**Materials provided:**
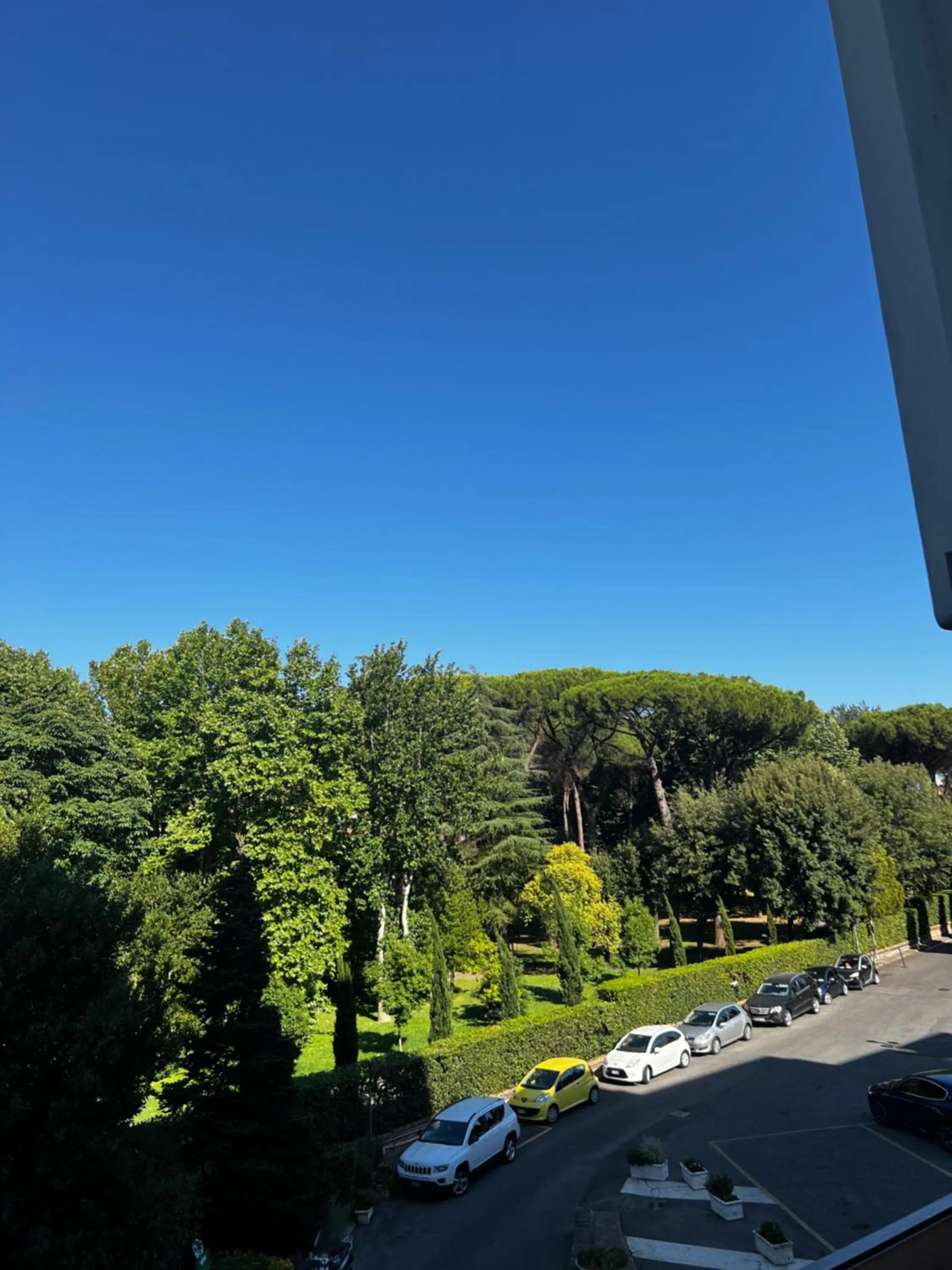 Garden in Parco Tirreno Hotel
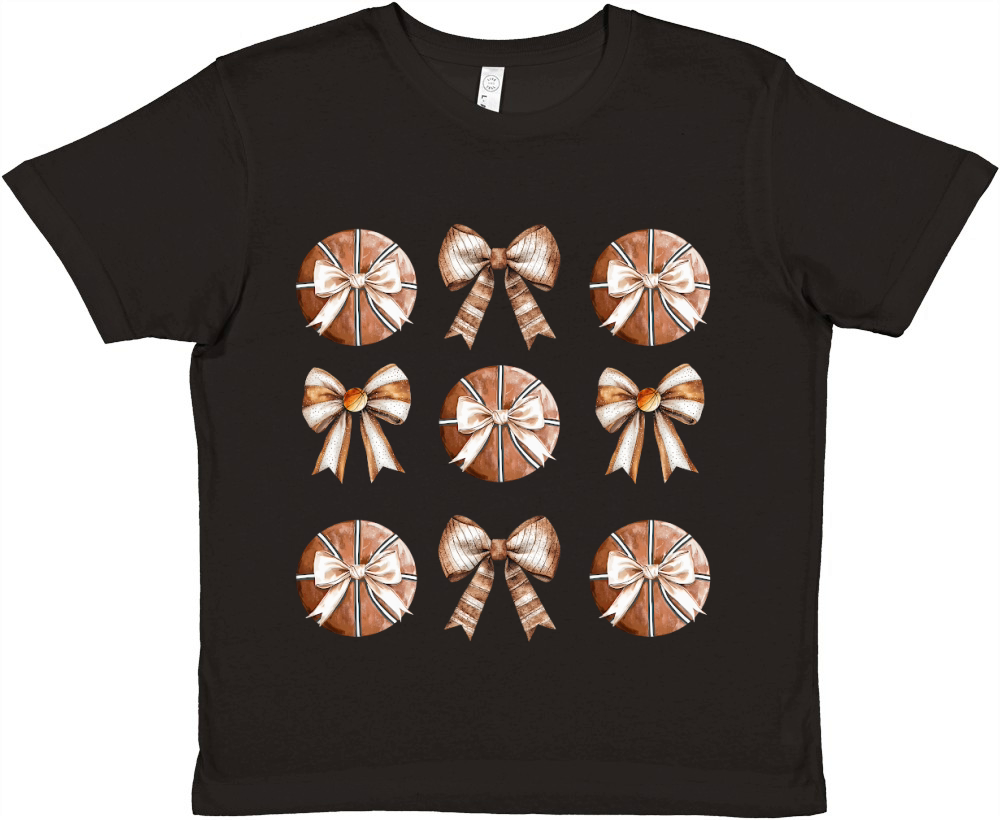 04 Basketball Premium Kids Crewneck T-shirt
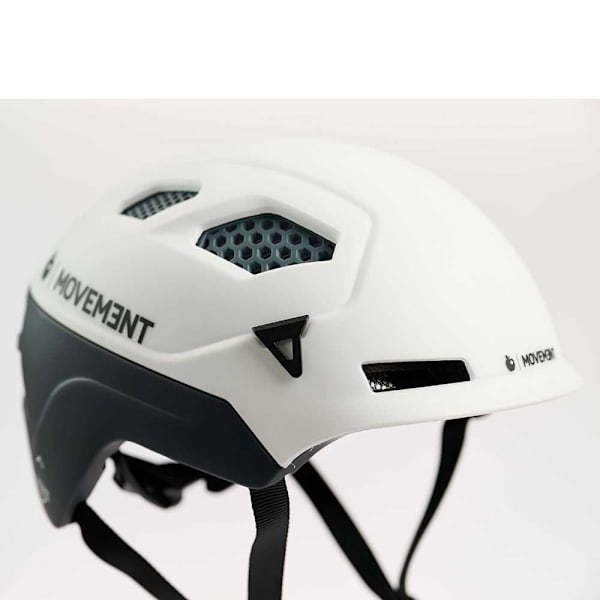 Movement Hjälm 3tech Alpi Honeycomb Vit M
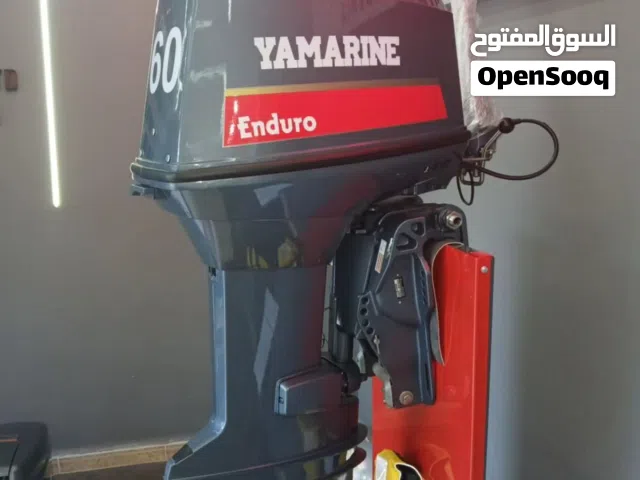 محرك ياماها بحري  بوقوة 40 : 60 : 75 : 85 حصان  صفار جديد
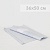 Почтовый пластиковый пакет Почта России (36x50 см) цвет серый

**Problem:**
The listing above should be transcribed word for word, with its pictures left out.

**Output of the task:**
 Garden in Parco Tirreno Hotel
 04 Basketball Premium Kids Crewneck T-shirt
 Movement Hjälm 3tech Alpi Honeycomb Vit M
 محرك ياماها بحري  بوقوة 40 : 60 : 75 : 85 حصان  صفار جديد
 Почтовый пластиковый пакет Почта России (36x50 см) цвет серый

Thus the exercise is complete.